3 Discussion and Perspective

It has been well proven that using RT information could benefit proteomic data analysis. However, its application in practical proteomic analysis has so far been restricted because RT information is of lower resolution compared to mass information, and importantly, peptide RT alters in different LC conditions. Krokhin and colleagues addressed this issue by optimizing their SSRCalc prediction model by four popularly used LC conditions in proteomics. These LC conditions are 300 Å-TFA, 100 Å-TFA, 100 Å-formic acid, and 100 Å-pH 10 [5, 16, 18]. However, since there are hundreds of choices of mobile and stationary phases and other LC parameters in practice, it is an impossible task to pretention retention scales for all LC conditions. A more flexible solution is to train and test the prediction model in the same LC run [15]. Theoretically, this solution is able to adapt all LC conditions. The limitation of this solution is that it needs a sufficient set of high-confident peptide identifications for model training, which is not always available in a single LC run. Another prediction model, ELUDE, is the combination of the above two solutions [23]. When sufficient data are available, ELUDE derives a new RT index for the condition at hand; otherwise, it selects and calibrates a pretrained model from a library of predictors. Model selection and calibration processes are performed automatically by robust statistical methods in ELUDE, facilitating its practical use. However, it should be noted that the accuracy and efficiency of all prediction models are still needed to be tested blindly by datasets covering a great variety of LC conditions.

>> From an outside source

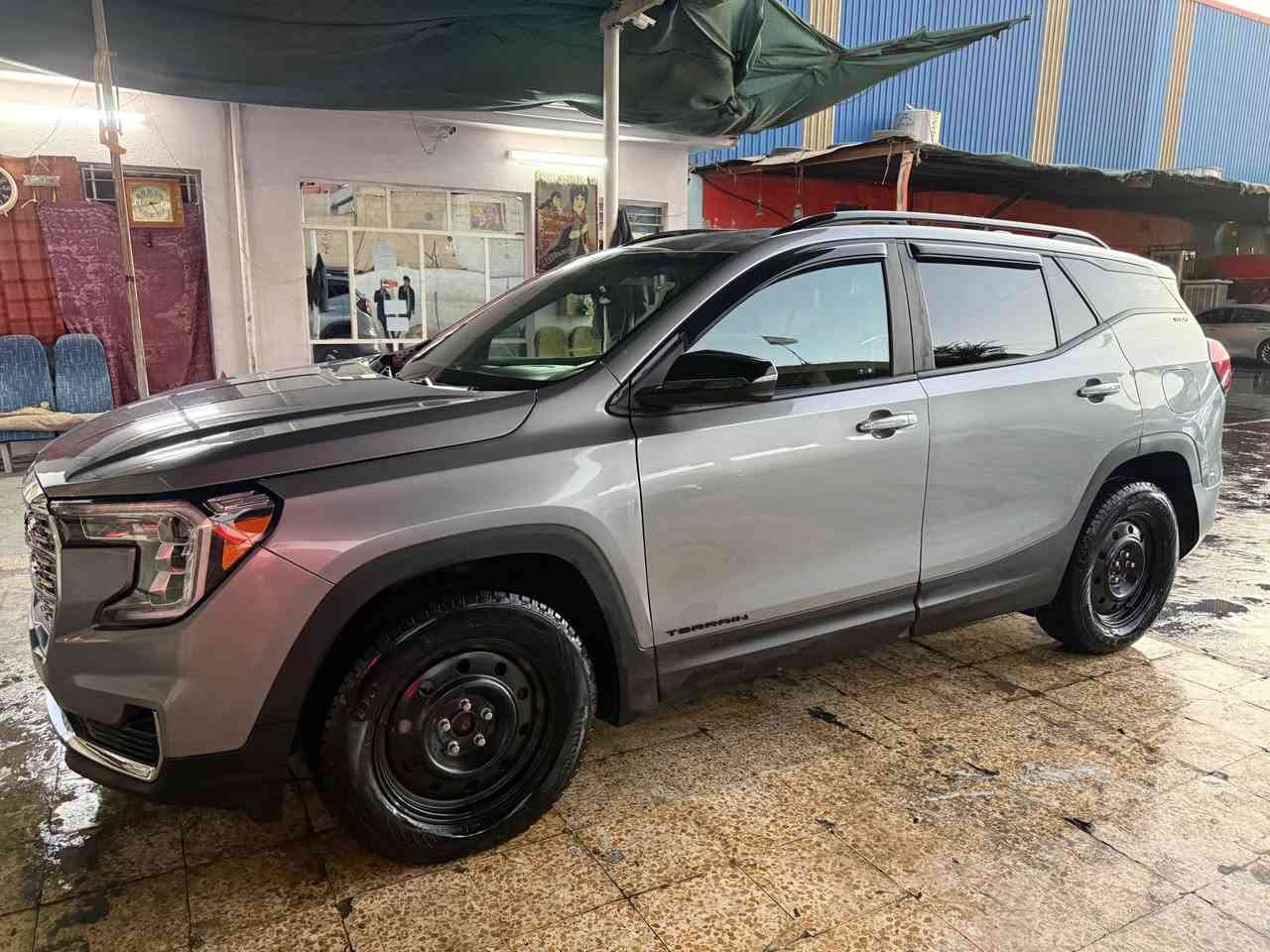 جيمسي تيران موديل٢٠٢٣ فول مواسه فات بوندي چاملغ بؤياغه ير باگ سو كان سيسته مه سحري ١٥٧.   *********** أربيل, العراق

LC alignment is another important technology in this field. Slight changes of LC conditions and inevitable RT shifts between LC runs can be adjusted by this technology [8]. A recent review of LC alignment methods can be found at [35]. A good idea is to employ a set of spiked-in synthetic peptides as landmarks for LC alignment or to correlate predicted retention scales and measured RTs for each run. These peptides are designed to span a wide range of hydrophobicity, allowing accurate alignment for the entire LC profile. For example, six synthetic peptides were employed to optimize the SSRCalc model in different LC conditions (2009); the eleven iRT standard peptides were used for on-the-fly RT calibration in tMRM analysis [6].

To use RT information as a parameter in data analysis, a proper tolerance value or window size should be set up firstly. This depends on the experimental reproducibility heavily. The wider the RT window is, the more false positives would be achieved. Therefore, there is also an urgent need to set up standards and quality control methods for LC experiments. With the joint effort of bioinformaticists and experimental biologists, RT information would be widely used in practical proteomic analysis in the near future.